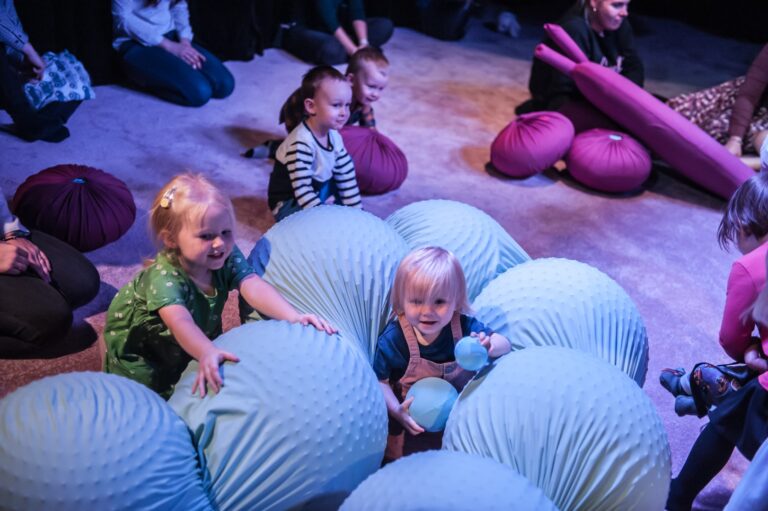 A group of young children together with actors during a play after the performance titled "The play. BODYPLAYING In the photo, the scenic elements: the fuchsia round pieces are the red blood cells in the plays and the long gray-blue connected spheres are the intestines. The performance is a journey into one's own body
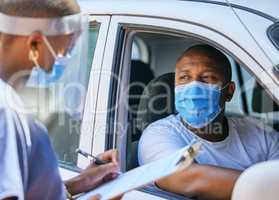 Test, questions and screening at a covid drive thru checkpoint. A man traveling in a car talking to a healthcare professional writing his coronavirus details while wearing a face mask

--*--

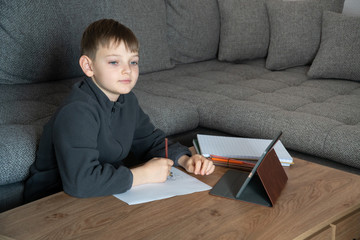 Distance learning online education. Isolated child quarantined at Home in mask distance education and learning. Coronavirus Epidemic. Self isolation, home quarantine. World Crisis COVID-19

--*--

With the pictures omitted, restate word for word the lines above from the line that has "A group of young" up to and including the line that has "Test, questions and", and no other lines.

- **Response**:
 A group of young children together with actors during a play after the performance titled "The play. BODYPLAYING In the photo, the scenic elements: the fuchsia round pieces are the red blood cells in the plays and the long gray-blue connected spheres are the intestines. The performance is a journey into one's own body
 Test, questions and screening at a covid drive thru checkpoint. A man traveling in a car talking to a healthcare professional writing his coronavirus details while wearing a face mask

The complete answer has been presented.